Pazartesi, Aralık 25, 2006

5 ay sonra ilk kez

Aylar geçmiş üzerinden son kez gözümden damlaları serbest bırakışımın. Peki bugün neden onları özgürlüğüne kavuşturayı seçtim dersin? Sorma sorma, anlatacak halim kalmadı zira.

Dergi tıkırında işliyor ey görünmez hedef kitlesi. Dersler fena ama hayat güzel.

Benim asıl diyeceğim, "4 yıldır bık bık yazıyorsun şu alemde, datama base ime koydun geçtin, bekle kurban seninle uğraşmayayım bir de şimdi" demesi bu yenilenmiş, zıpırlanmış blogger ın. Her yıl yeni blog açmak gibi bir tavra yanaşmadım hiç, adam gibi 3 yıl aynı adreste kaldıktan sonra tam yüzümü, içimi değiştirmişken yine taşındırtmayın beni.

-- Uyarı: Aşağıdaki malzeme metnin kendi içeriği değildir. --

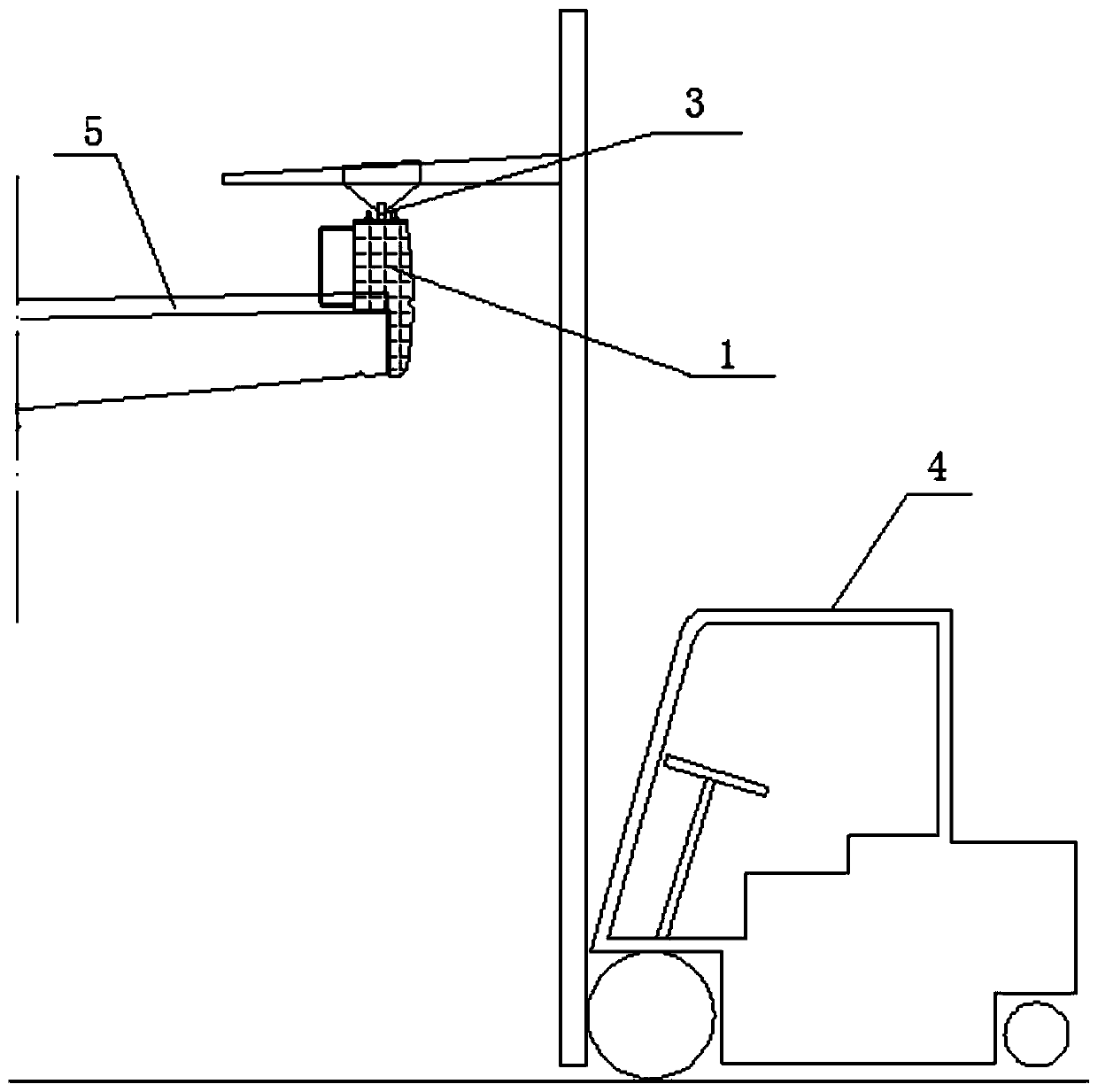 Fabricated construction method of railway deck components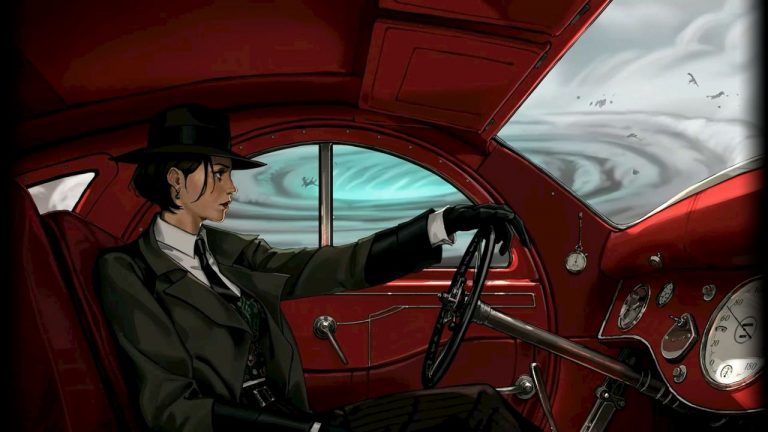 Aether & Iron review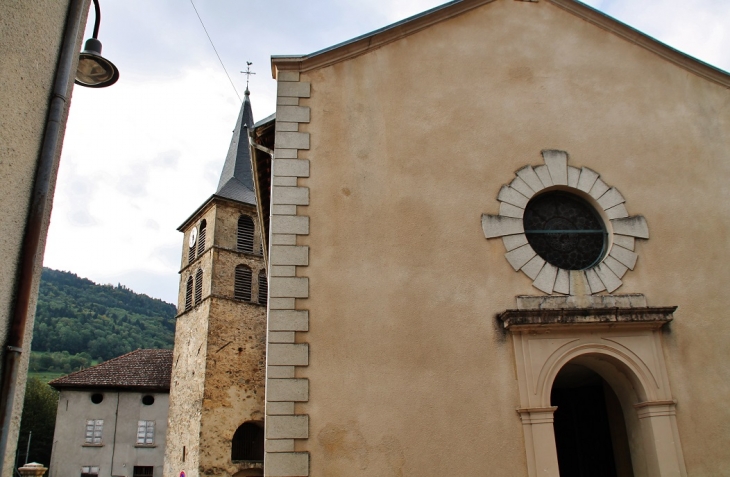 --église Saint-Blaise - La Chapelle-du-Bard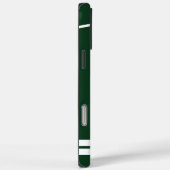 Personalisiert Jets Jersey American Football Case-Mate iPhone Hülle (Rückseite / Rechts)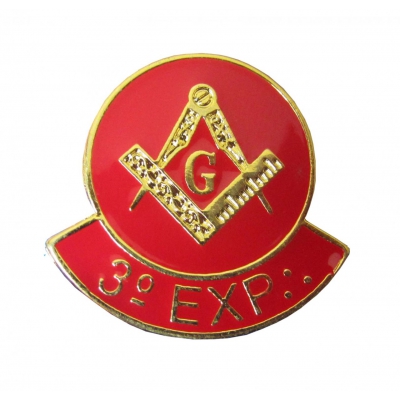BT 3º Experto Vermelho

"Zaten ayda yılda bir kusuyorsun -evet yazmak denmiyor son zamanlarda yaptığıma pek-, bir de böyle kaprisimsi hallere geçmeyelim şimdi lütfen" dediğini duyar gibiyim. Ah boşversene, ben ne dediğimi bilmez, ne yaptığımı anlamaz hallerdeyim. Sadece "o kadının" sokaktan geçen köpeğe bile öyle bağırmayacağına eminim. Bana koyan bunu perşembe günü yüzüne söylememeyi başarıp başaramayacağımın kaygısı.

Akıl ve fikir talep ediyorum yüksek mercilerden. Ellerinde birazcık kaldıysa, yüksek faiz oranlı bir kredi vermelerini umuyorum. İki haftacık daha. İki hafta.

Pazar, Aralık 10, 2006

yusuf yayan

oh be! böyle bir rahatlık, bir kafa dağıtma mis gibin geldi. ama işler yarım yamalak be yavrucum. harbi stres yaratıyor bu benim yaşam biçimim. ne son dakika insanı bir kişiyim. her ortamdan erken kaç "ay ay ay iş güç vallahi gideyim" de, sonra boşşşş boşşşş otur. benim kadar yusuf yayan var mı be :)

yok başlamak lazım artık!

Pazar, Aralık 03, 2006

Aradan bir ay geçmiş meğer. Yazmayalı. Yazdım arada da başka sebeplerle, başka yerlere. Ama kendime çıtım çıkmıyor.
tatil - TATİL

Ben bundan istiyorum bir tane. Bunaldım ama bu sanırım biraz varoluşsal bir bunalım. Bugün müzik dinleyip gazete okudum inanır mısın? Bir buçuk saatlik bir yatak keyfi. Yanında cheetos yedim bir de hani yeşilinden, kamp günlerine ithafen. Ruhum biraz olsun dinlendi çok şükür. Şimdi de çizim çalışıyorum güya. Zilyon tane şey yapmışlar 8 derste. Nasıl toparlayacağımı düşünüyorum, evirip çeviriyorum kafamda.

Bunları bırakalım şimdi.

Doktor randevuları alma, euro hesabı açtırma, proje başvuru eksiklerini tamamlama, eğitim semineri içeriğini hazırlama, tanıtımını yapma, Ulusal Ajans a ufak bir ziyaret, doktor randevularına gitme, dergi için fikir, dergi için yazı, arada bir sınav, bir rapor, bir ödev, bir quiz, bir saç boyama -ay aman işalla-, çamaşır da yıkasaydım, yatağın da çarşafları değişse, reiki yapılacak her gün, anneanneye, anneye, göze. Bir de Ayça ya gidilecek fırsat bulunursa. Ara bakalım buralardaysa bir gitmek lazım. Piyano çalış, bir de yüzmeye git artık bir ara. Bir de cumartesi Eskişehir e kaçıp bir eski yüz göreyim, kısa da tatil olur bana ne dersin ler dönüyor kafamda.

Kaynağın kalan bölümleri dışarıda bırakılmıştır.